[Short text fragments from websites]
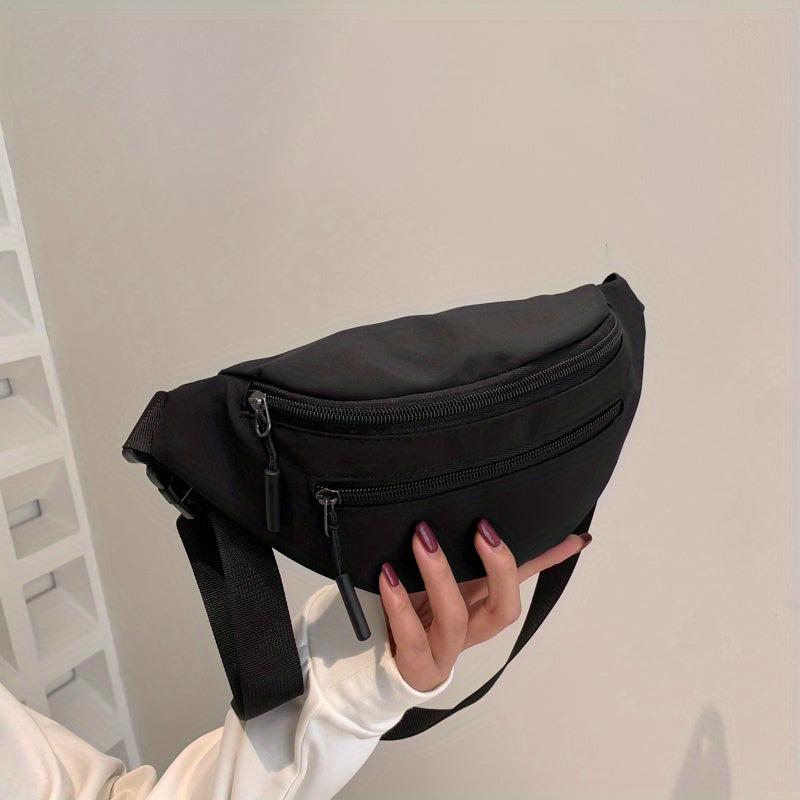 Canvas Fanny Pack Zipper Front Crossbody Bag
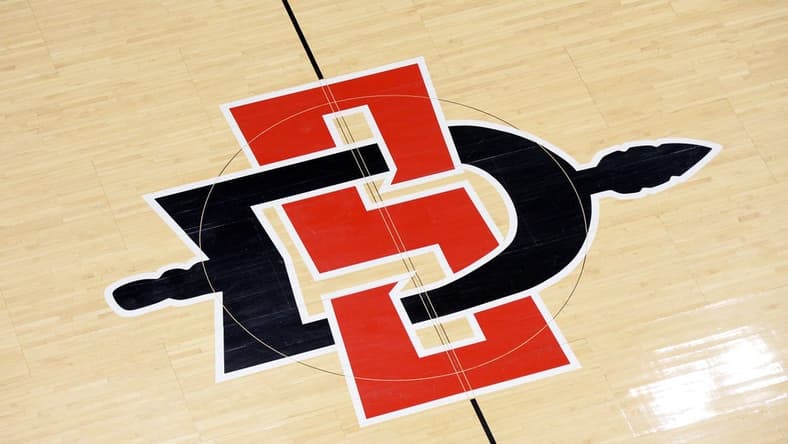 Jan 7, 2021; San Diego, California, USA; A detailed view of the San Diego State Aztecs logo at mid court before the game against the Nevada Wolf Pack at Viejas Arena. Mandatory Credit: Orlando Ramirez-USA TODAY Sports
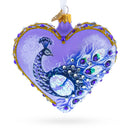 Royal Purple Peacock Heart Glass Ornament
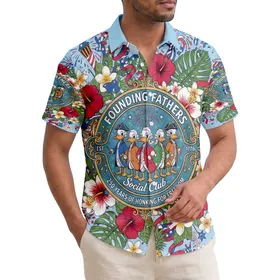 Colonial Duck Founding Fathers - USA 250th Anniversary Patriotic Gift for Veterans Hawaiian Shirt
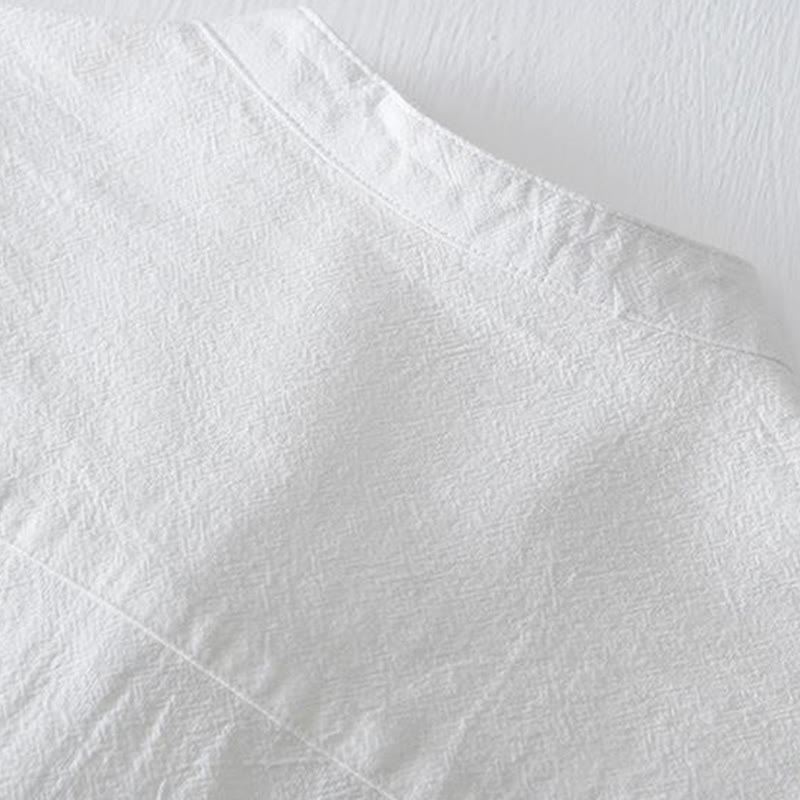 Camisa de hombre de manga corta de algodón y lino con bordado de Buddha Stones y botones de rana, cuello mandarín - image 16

- Task item
If an entry holds a picture, leave the picture out and repeat the rest exactly.

- Your response
 Canvas Fanny Pack Zipper Front Crossbody Bag
 Jan 7, 2021; San Diego, California, USA; A detailed view of the San Diego State Aztecs logo at mid court before the game against the Nevada Wolf Pack at Viejas Arena. Mandatory Credit: Orlando Ramirez-USA TODAY Sports
 Royal Purple Peacock Heart Glass Ornament
 Colonial Duck Founding Fathers - USA 250th Anniversary Patriotic Gift for Veterans Hawaiian Shirt
 Camisa de hombre de manga corta de algodón y lino con bordado de Buddha Stones y botones de rana, cuello mandarín - image 16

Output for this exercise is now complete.